The school holidays are both loved and dreaded by French schoolchildren. Dreaded by those who have not exactly excelled in the twice-termly tests that is. Parents of children who, for whatever reason, do not do well in controles also dread the beginning of the holidays.
Thus it was yesterday that I almost had a heart-attack at the results presented to me worriedly by my eldest. The details of some of the results are not for the faint-hearted, so I will not dwell on them here but they did rather ruin my evening.
I am consoling myself with two extenuating circumstances: new school and new teaching methods. As I said elsewhere, he has a lot of rote-learning to do this year which he is not used to, together with a teacher who makes them apply their knowledge differently.
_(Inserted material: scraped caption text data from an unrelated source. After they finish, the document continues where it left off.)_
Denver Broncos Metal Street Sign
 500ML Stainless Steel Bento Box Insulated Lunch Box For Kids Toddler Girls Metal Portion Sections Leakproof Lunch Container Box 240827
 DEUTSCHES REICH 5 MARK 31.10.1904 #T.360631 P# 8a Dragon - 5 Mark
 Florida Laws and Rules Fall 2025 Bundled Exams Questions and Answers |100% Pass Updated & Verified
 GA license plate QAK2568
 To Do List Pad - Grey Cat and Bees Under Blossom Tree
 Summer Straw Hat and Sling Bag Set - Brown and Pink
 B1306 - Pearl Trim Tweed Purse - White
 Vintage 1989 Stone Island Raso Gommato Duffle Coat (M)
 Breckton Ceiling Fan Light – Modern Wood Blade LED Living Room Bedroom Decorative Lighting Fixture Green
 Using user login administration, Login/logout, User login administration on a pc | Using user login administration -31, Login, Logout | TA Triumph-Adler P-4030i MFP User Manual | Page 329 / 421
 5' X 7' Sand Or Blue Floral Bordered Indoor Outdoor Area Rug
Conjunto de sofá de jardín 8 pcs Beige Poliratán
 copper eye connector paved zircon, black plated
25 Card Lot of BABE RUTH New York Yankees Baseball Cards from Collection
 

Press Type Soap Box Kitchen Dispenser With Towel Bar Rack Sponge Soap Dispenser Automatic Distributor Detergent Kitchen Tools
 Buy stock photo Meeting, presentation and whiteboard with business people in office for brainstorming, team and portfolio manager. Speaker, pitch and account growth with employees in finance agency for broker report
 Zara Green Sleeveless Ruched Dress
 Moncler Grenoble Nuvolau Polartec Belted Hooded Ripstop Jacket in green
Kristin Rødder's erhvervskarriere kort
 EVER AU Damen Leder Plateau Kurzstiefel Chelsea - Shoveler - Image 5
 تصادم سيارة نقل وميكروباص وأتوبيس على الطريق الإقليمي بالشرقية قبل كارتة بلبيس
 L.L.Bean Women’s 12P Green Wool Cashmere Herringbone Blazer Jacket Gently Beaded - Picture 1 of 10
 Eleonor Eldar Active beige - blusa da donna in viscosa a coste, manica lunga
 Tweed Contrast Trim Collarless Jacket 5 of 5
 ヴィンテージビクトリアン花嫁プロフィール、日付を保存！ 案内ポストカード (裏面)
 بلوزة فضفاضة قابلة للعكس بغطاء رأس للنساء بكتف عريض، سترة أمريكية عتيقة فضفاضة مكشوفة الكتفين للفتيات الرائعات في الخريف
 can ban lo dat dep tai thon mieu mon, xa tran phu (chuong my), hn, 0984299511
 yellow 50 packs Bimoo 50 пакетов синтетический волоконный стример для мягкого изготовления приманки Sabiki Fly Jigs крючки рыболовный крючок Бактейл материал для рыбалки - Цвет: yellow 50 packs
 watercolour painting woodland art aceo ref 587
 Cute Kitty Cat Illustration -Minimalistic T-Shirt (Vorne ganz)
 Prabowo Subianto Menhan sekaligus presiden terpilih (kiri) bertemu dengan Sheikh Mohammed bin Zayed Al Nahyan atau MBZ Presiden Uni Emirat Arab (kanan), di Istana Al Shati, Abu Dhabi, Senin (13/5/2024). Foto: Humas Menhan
In the face of such a situation, the parental pitface takes on a craggy, crumbly aspect. One has visions of a bright child re-doing his CM2 year. The shame of it, and the devastating effect it would have on him would be truly appalling. We can, however, use such results as a wake-up call. He is obviously not doing what he is supposed to do, or not enough, and must keep his brain switched on at all times. He told me he has test nerves, which is normal, but he'll just have to deal with this. We all have to. I told him he must consider tests as an opportunity to show what he knows, not fear what he doesn't know.
With some questions, he didn't answer the question fully and lost stupid points because of this. It happens to everyone, but if he can get to grips with this simple action, he'll already be doing much better. Other questions paralysed him because he couldn't remember the lesson, but if he had thought logically and used his common sense, he could have answered a number of questions anyway.
Luckily we had our NG come round to reinforce what I said to him - it's amazing how one's children really don't believe what you tell them, and to give him tips on dealing with his father who is going to go ballistic this weekend. He is one of those who insists his child is top of the class willy nilly, which is a pointless demand. He should be doing his best, that is the most one can insist on.
So, this afternoon, we sat down and went through some of the worst questions. It struck me that he's an intellectual butterfly flitting around the questions, and losing interest if he doesn't understand immediately. He lacks a methodological approach and determination to get to the answer. Put him on a video game and work out strategy, problem-solving etc. and he'll sit at it for ages, but 'irrelevent' questions provoke no interest and no desire to get to the solution.
We'll get there if it kills us, however!